Nor was Oliphant particularly supported by the British government. The public agitation which produced the Mansion House meeting obliged the Gladstone government to produce a couple of blue books on the situation in Russia but though of course condemning the pogroms and expressing sympathy for the victims they took a view similar to that of Klier and Solzhenitsyn, that accounts such as those that had appeared in The Times were greatly exaggerated and the Russian government had done what it could to control the situation. In March, in the context of the Balta pogrom, De Worms, against the wishes of the Jewish Liberal MPs, initiated a debate in Parliament, but it was without consequences. Gladstone declared (Klier, p.242) 'I am bound to believe that the Emperor of Russia and his government regard these outrages with the same feelings as we contemplate them ourselves.' The Irish MP Frank Hugh O'Donnell said that since the Jews controlled the money markets they could look after themselves, unlike the Irish or the Indians, victims of British Imperialism.

In the event, with Palestine closed to Jewish emigration and the US facing a recession and refusing to take any more, the Mansion House Committee was forced late in June to reverse its policy and press for the return of the Jews, still flooding into Brody (there were some 9,000 there in mid-July after the transportations to the US had stopped).
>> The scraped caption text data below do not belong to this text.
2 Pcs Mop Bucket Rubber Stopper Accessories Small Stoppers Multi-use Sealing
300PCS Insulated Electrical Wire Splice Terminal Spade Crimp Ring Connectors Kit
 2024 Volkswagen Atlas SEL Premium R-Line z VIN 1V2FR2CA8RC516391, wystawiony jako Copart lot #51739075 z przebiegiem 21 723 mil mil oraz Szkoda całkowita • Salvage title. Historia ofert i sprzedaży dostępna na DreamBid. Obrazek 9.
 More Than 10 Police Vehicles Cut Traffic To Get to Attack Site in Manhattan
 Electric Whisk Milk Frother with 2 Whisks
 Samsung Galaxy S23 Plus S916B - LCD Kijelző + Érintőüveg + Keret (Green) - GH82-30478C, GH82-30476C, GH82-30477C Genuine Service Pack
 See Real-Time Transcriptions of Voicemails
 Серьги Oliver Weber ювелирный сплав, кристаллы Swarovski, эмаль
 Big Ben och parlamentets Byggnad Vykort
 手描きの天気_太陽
At the beginning of June Ignatiev, suspected of anti-Jewish sentiments, was replaced by Count Dmitri Tolstoy who issued a convincingly firm circular insisting that further pogroms would not be tolerated. It was generally believed, at least among non-Jews, that the violence was at an end. On 21st June Tolstoy, at the urging of the Jewish railway magnate Samuil Poliakov (Frankel p.111), put out a further circular forbidding Jewish emigration.